--- Your task ---
Would you please return the lines of the entries below starting at the line that has "Phillip Lim By Linda Farrow PL44" and ending at the line that has "Transceptor SFP Planet", both included, exactly as they are?

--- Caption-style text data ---
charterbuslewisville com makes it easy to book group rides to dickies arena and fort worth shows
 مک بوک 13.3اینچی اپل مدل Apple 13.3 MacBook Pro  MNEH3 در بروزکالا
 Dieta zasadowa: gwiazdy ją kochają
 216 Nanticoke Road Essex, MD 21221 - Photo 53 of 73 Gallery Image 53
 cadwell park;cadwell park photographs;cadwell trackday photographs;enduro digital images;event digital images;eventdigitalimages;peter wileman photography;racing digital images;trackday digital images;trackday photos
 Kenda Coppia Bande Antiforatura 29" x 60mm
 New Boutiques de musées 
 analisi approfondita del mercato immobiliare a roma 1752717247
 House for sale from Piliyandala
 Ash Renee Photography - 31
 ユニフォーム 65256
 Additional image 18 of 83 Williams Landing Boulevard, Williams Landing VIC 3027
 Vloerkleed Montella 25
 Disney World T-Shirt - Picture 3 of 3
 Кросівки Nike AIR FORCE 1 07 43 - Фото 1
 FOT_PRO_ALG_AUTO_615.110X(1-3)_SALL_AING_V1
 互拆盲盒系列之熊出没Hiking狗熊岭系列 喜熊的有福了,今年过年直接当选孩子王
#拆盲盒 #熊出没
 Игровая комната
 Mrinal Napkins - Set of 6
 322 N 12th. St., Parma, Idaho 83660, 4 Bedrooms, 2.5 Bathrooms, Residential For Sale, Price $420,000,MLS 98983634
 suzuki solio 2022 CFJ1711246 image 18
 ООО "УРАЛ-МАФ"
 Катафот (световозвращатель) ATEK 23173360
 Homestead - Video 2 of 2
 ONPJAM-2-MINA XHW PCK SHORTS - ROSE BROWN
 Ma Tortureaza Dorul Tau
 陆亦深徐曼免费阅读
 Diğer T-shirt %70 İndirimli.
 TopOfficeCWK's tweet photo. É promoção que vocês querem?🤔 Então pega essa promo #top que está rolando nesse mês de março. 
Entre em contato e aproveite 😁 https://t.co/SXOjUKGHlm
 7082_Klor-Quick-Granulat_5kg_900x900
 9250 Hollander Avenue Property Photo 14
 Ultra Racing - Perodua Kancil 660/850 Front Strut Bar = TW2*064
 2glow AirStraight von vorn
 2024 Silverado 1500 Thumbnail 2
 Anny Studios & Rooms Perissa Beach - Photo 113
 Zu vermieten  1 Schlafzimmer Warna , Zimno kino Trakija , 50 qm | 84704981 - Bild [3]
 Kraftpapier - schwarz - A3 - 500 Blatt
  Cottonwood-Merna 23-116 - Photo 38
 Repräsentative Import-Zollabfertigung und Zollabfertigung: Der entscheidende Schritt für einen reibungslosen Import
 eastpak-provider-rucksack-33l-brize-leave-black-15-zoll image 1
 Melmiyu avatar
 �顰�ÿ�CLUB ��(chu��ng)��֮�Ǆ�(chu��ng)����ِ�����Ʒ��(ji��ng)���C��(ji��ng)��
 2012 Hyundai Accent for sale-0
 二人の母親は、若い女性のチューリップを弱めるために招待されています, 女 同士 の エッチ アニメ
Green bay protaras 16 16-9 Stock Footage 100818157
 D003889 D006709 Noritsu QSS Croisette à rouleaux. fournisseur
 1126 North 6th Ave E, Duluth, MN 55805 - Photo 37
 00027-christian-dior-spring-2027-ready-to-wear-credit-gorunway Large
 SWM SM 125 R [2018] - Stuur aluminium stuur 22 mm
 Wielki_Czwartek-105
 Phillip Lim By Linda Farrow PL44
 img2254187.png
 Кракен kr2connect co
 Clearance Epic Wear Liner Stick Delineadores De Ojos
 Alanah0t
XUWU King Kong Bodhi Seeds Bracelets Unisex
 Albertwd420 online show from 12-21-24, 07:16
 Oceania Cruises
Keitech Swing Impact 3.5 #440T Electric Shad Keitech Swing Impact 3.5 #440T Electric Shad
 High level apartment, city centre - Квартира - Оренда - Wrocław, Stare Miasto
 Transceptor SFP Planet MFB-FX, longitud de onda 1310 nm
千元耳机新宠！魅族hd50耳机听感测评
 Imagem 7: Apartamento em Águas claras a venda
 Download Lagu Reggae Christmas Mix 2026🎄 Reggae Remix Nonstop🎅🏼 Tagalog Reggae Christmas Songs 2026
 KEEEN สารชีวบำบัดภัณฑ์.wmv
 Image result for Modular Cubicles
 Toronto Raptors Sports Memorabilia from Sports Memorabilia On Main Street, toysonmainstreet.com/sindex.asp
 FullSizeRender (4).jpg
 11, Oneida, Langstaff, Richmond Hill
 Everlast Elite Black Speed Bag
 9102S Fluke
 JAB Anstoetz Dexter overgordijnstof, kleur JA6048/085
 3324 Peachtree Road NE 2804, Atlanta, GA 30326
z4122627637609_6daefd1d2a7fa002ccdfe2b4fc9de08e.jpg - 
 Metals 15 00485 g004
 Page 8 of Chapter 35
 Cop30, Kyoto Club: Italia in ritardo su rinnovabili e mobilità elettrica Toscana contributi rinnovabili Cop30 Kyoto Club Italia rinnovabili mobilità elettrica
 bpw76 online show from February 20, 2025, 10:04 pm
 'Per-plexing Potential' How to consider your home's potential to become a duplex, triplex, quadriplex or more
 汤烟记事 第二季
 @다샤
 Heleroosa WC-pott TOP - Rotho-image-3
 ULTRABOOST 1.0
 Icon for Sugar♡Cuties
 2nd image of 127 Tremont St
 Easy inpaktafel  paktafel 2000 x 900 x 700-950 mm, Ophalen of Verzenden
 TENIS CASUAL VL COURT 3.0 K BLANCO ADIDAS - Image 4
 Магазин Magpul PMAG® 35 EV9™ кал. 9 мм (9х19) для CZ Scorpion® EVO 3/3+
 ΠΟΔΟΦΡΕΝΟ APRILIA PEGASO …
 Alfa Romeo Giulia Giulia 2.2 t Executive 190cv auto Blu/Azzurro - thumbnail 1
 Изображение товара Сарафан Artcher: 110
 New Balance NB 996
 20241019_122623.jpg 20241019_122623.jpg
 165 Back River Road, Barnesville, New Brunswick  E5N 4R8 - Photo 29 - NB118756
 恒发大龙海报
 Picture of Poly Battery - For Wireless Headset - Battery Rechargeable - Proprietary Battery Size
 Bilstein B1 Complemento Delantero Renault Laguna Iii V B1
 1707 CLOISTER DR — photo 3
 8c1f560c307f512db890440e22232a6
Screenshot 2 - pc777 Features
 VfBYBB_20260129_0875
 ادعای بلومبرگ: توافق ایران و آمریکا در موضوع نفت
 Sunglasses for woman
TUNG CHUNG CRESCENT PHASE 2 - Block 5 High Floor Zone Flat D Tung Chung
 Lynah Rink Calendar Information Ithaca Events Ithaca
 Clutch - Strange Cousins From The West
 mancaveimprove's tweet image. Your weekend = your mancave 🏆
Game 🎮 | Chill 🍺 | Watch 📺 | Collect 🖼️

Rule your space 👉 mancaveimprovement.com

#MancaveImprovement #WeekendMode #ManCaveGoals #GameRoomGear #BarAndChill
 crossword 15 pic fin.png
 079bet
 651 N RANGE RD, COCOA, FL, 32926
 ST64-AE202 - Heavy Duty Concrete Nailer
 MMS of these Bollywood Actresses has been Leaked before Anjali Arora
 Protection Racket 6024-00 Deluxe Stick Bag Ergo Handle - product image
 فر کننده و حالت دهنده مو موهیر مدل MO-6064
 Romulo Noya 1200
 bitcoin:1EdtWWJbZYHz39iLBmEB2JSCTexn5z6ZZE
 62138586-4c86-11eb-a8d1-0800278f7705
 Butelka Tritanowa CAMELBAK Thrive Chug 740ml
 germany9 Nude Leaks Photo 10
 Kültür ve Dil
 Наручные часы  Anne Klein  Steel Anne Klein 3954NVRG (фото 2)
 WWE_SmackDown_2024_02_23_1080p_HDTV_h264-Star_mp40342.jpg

--- Result ---
 Phillip Lim By Linda Farrow PL44
 img2254187.png
 Кракен kr2connect co
 Clearance Epic Wear Liner Stick Delineadores De Ojos
 Alanah0t
XUWU King Kong Bodhi Seeds Bracelets Unisex
 Albertwd420 online show from 12-21-24, 07:16
 Oceania Cruises
Keitech Swing Impact 3.5 #440T Electric Shad Keitech Swing Impact 3.5 #440T Electric Shad
 High level apartment, city centre - Квартира - Оренда - Wrocław, Stare Miasto
 Transceptor SFP Planet MFB-FX, longitud de onda 1310 nm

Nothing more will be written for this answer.